Lumber Exporters Say Continued Collection of CVD Cash Deposits Violates CIT Order
Various companies that were originally excluded from an expedited countervailing duty review on Canadian softwood lumber asked the Court of International Trade to clarify that they're due refunds of CVD cash deposits (Committee Overseeing Action for Lumber International Trade Investigations or Negotiations v. United States, CIT # 19-00122).
The companies asked CIT to clarify its instruction to CBP to "discontinue ... the collection of" cash deposits on entries made before a prior CIT decision, which said it wasn't equitable to subject the companies' exports to the CVD order. The excluded parties asked the court to make clear that its order "includes the obligation to promptly refund all countervailing duty cash deposits" collected on exports from the parties and entered on or after Aug. 28, 2021, with interest.
Most recently in the case, the trade court remanded the expedited review for Commerce to review its decision not to attribute subsidies received by lumber suppliers to respondents (see 2404230031). The case had returned to CIT after the U.S. Court of Appeals for the Federal Circuit reversed the trade court's finding that expedited CVD reviews are not allowed under U.S. law (see 2304250061).
After the CAFC made this decision, CIT said it wasn't equitable to subject exporters who were originally excluded from the CVD order in the expedited review to "the consequences" of the order. The trade court told the U.S. to stop collecting CVD cash deposits on shipments made on or after Aug. 28, 2021.

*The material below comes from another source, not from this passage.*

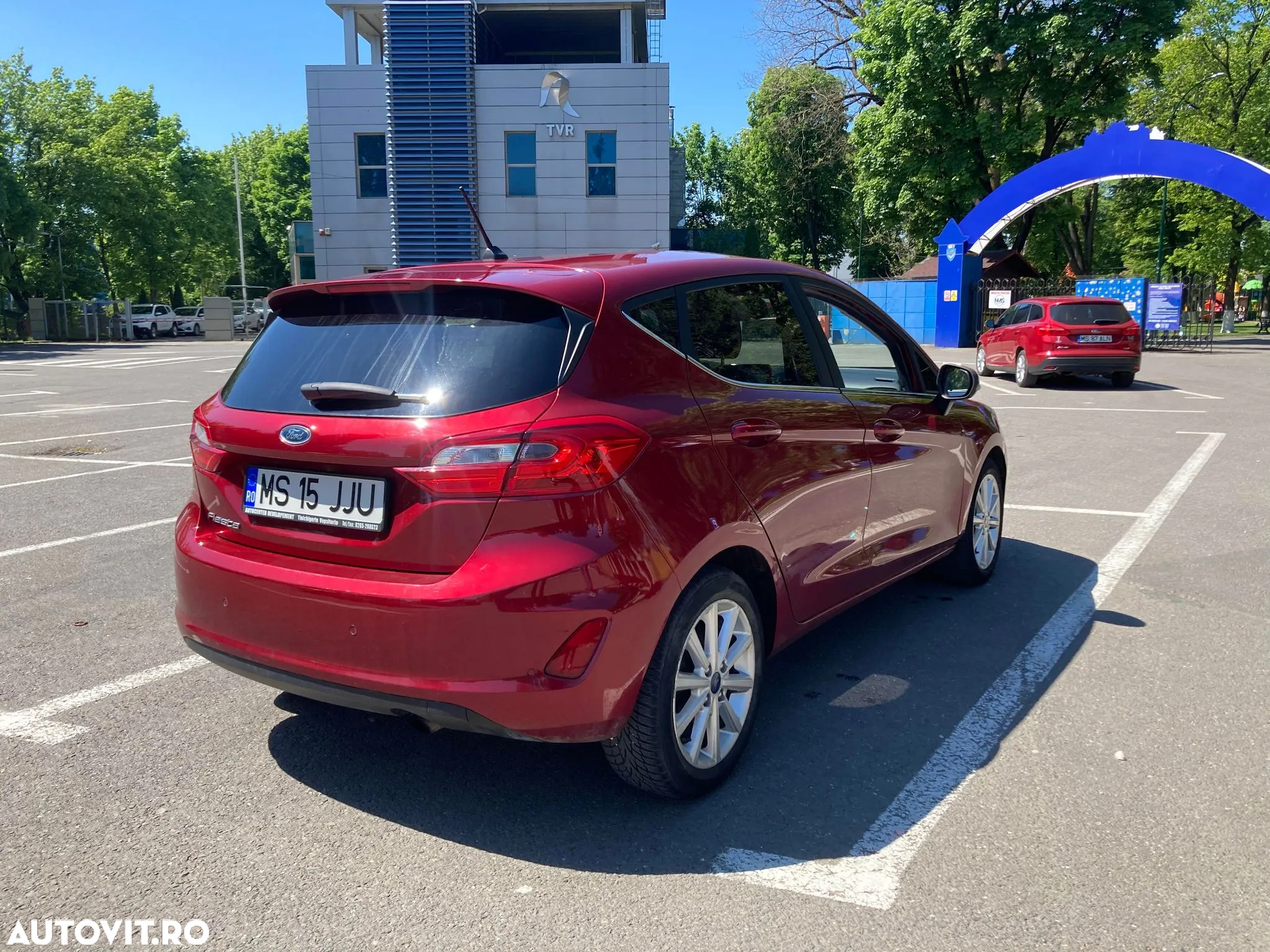 Ford Fiesta 1.0 EcoBoost Titanium - 5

Despite this order, the excluded companies said the U.S. "continues to withhold its collection of millions of dollars’ worth of CVD cash deposits previously obtained from the Originally Excluded Parties." The exporters said these are funds "to which courts have established Defendant is not entitled."
The excluded parties asked the trade court to "revise the language of the Order accompanying" its prior decision to "clarify Defendant’s obligation to restore the status quo ante by refunding the millions of dollars’ worth of deposits that Defendant would never have obtained but for the Originally Excluded Parties’ temporary reinstatement under the CVD Order."

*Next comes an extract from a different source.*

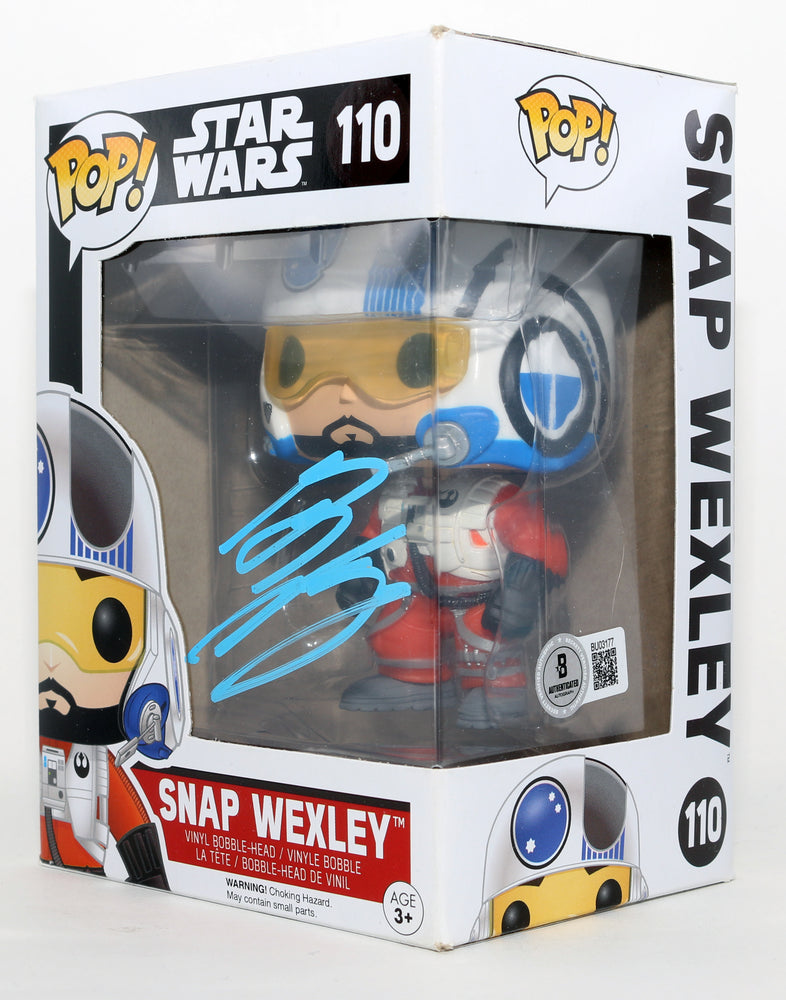 
                  
                    Greg Grunberg as Snap Wexley in Star Wars: The Force Awakens (Beckett) Signed Funko POP! #110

Should the court find that it's unable to grant this request, the excluded parties claimed, the "same considerations that made it inequitable" to subject the companies to the CVD order "apply equally to Defendant's retention of CVD cash deposits." The continued collection of the deposits has a "direct and inequitable" effect and amounts to a preliminary injunction that the trade court originally denied, the brief said.